I am creating an environment/performance in which to explore the nature of representation, particularly in language. Kubler’s Shape of Time heavily influenced my interest in the replication of sound in my last piece. I’m now expanding the direction of the work to consider replication of thing into an image, representation of a thing in physical space and in language, and the lingual blur between fact and fiction. I’m interested in the conversation that has developed (in our class) of language and its intrinsic inability to create precise definitions and exact comprehension, but it’s success even through ambiguity.

Images/representations are criticized for inability to produce interaction and experience, but what new iteration of experience is created in image culture?

experience of a thing vs. an image

experience of a representation of a thing


The space:

I’m creating a swamp as a small community space. In the center there is a small wooden pool of water, algae, plants. It’s an agreeable temperature. Participants can hang their feet in the water if they please. This iteration sits somewhere between an image and representation of a “swamp,” out of context, but with descriptive similarities.

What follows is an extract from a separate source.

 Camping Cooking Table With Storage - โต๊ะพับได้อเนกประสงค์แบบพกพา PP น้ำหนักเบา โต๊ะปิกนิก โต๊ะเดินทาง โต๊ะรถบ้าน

Perhaps images and representations are the same.

There’s a ladder to the window. I’ll open the blinds. This is the “true” sky. On the wall there is a large projection of a changing skyscape. How do these experiences change especially when observing something so physically inaccessible?

The performance:

Jorge Luis Borges wrote an essay called “The Analytical Language of John Wilkins,” in which he criticizes John Wilkins concept of a “universal language,” where Wilkins proposes a system of more or less objective language holding exact meaning in the word itself.

“Wilkins’s system decomposes the entire universe of “things and notions” into successively smaller divisions and subdivisions, assigning at each step of this decomposition a syllable, consonant, or vowel. Wilkins intended for these conceptual building blocks to be recombined to represent anything on earth or in heaven. The basic example Borges gives is “de, which means an element; deb, the first of the elements, fire; deba, a part of the element of fire, a flame.”

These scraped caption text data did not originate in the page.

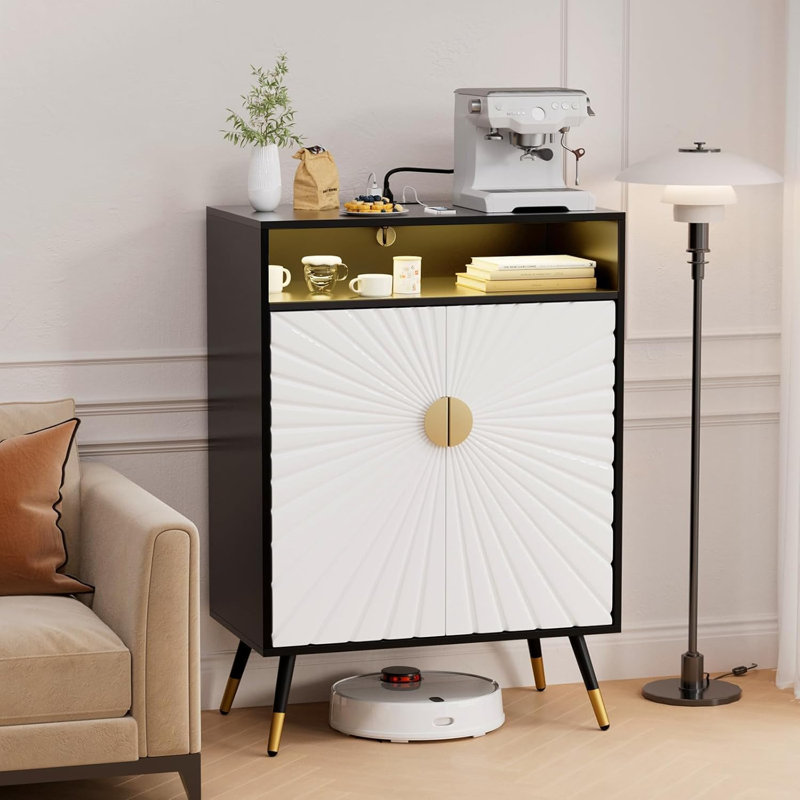Buffet Cabinet with Storage, Sideboard Cabinet with Charging Station & LED Light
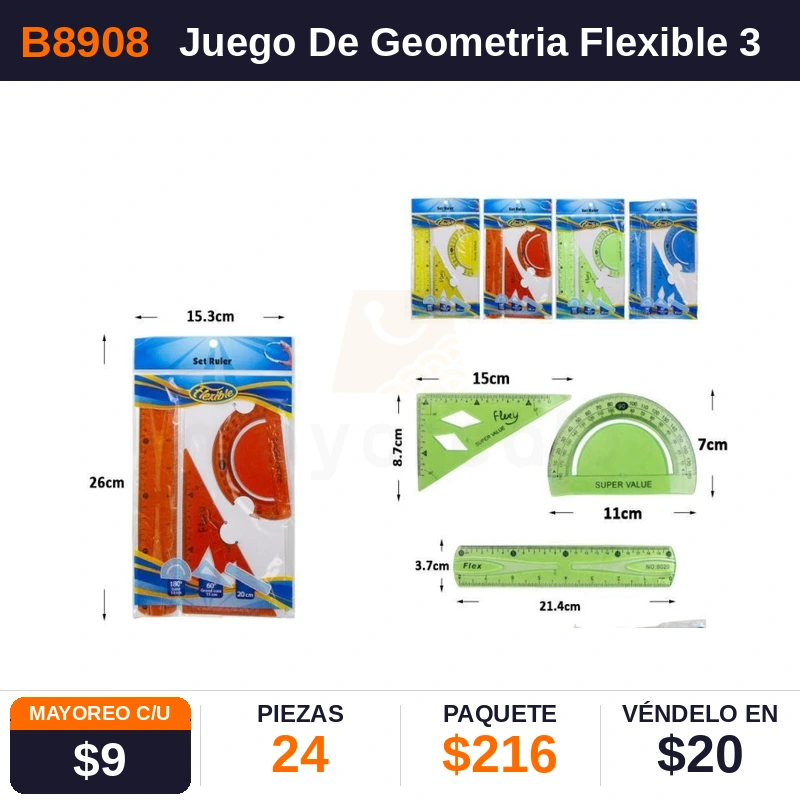 Juego De Geometria Flexible 3 Pzs - Pack x24
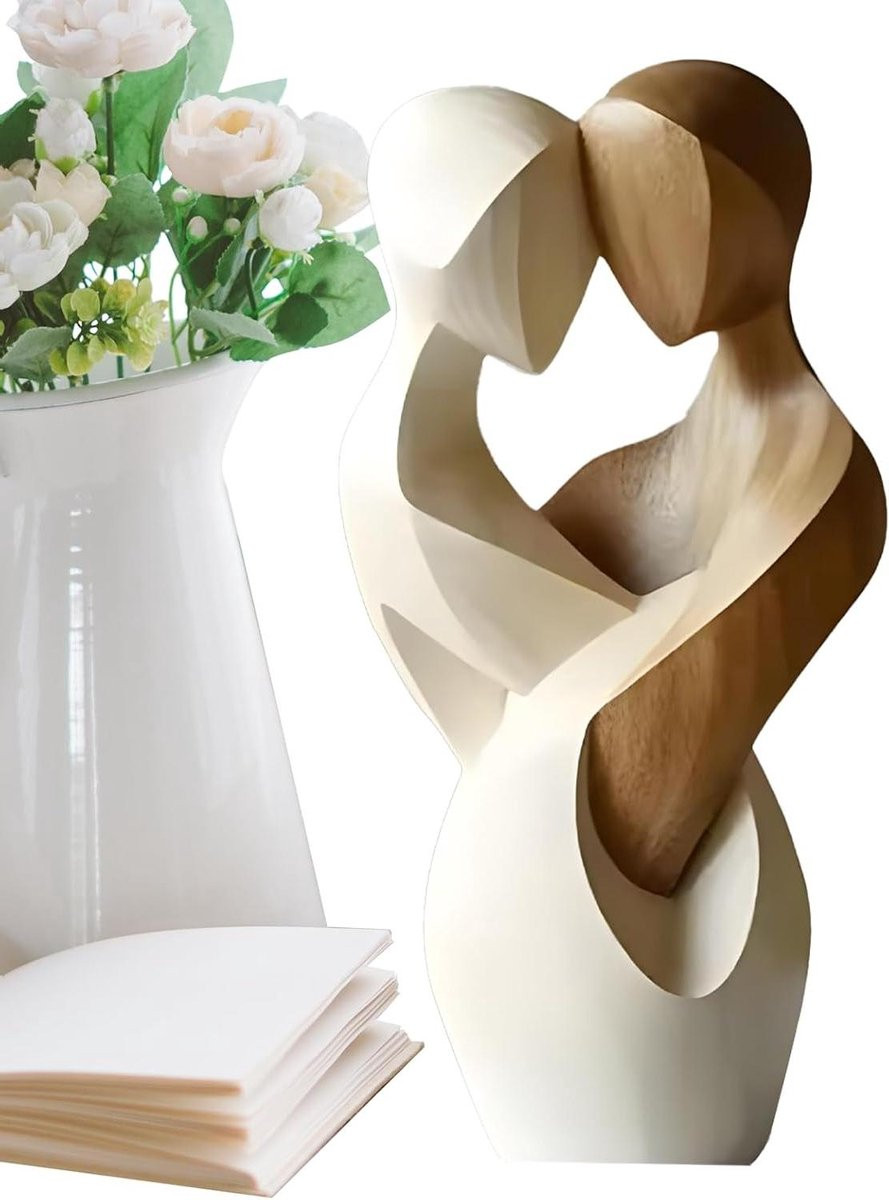 Handgemaakt Houten Paar Beeld - Abstract Ornament voor Interieur Styling - Meerkleurig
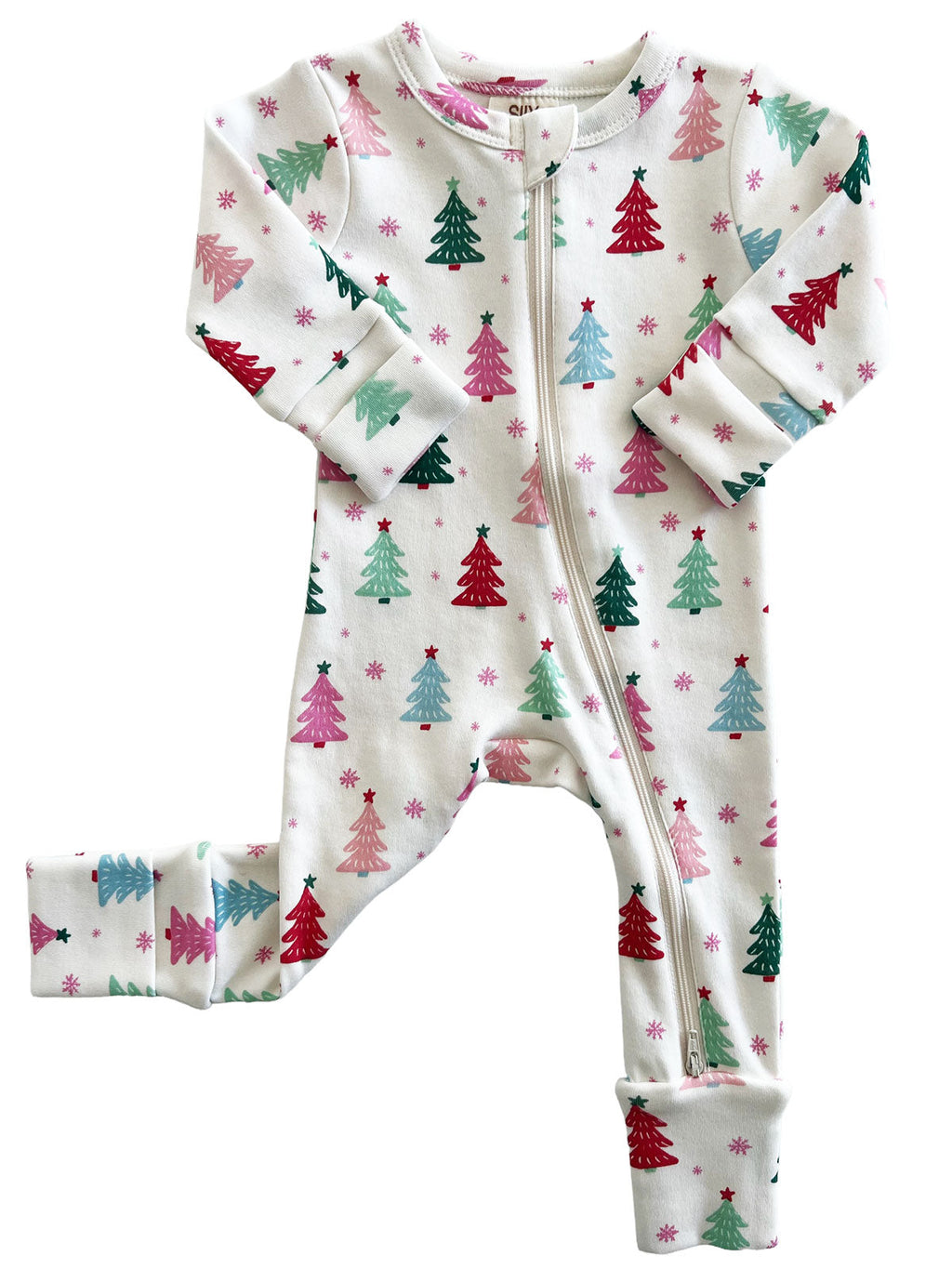 Christmas Trees Pink / Organic 2-Way Zip Romper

Borges sees this as a fundamental impossibility.

“it is clear that there is no classification of the Universe not being arbitrary and full of conjectures.”

In this essay, Borges describes a translated Chinese list that seeks to describe all animals. It’s later revealed that this is entirely fictional and that he lied about finding this translation. He is suggesting that regardless of the attempted universality, language is, in a way, an arbitrary manner of socially organizing the world.

I am not positing this as correct or incorrect, just as a curious thought. I want to assign my classmates into these categories. During their time in the passive environment dealing with the same questions, I’ll give them their category, based on how I perceive them.

The list is ambiguous and nonsensical. Such is language, and somehow it’s easy to make some sense, and garner some feeling from many words, especially when applied to the self. The reason why I pair each individual with their category could be analyzed through my own thoughts, but is likely not based in rationality.

If they are unhappy with their classification, they can trade. They should trade. In addition to abstract extraction of meaning from this list, it’s exciting for me to see how I perceive the Other vs. how they perceive themselves. They might then consider how the Other considered them in their own reflection/perception of self.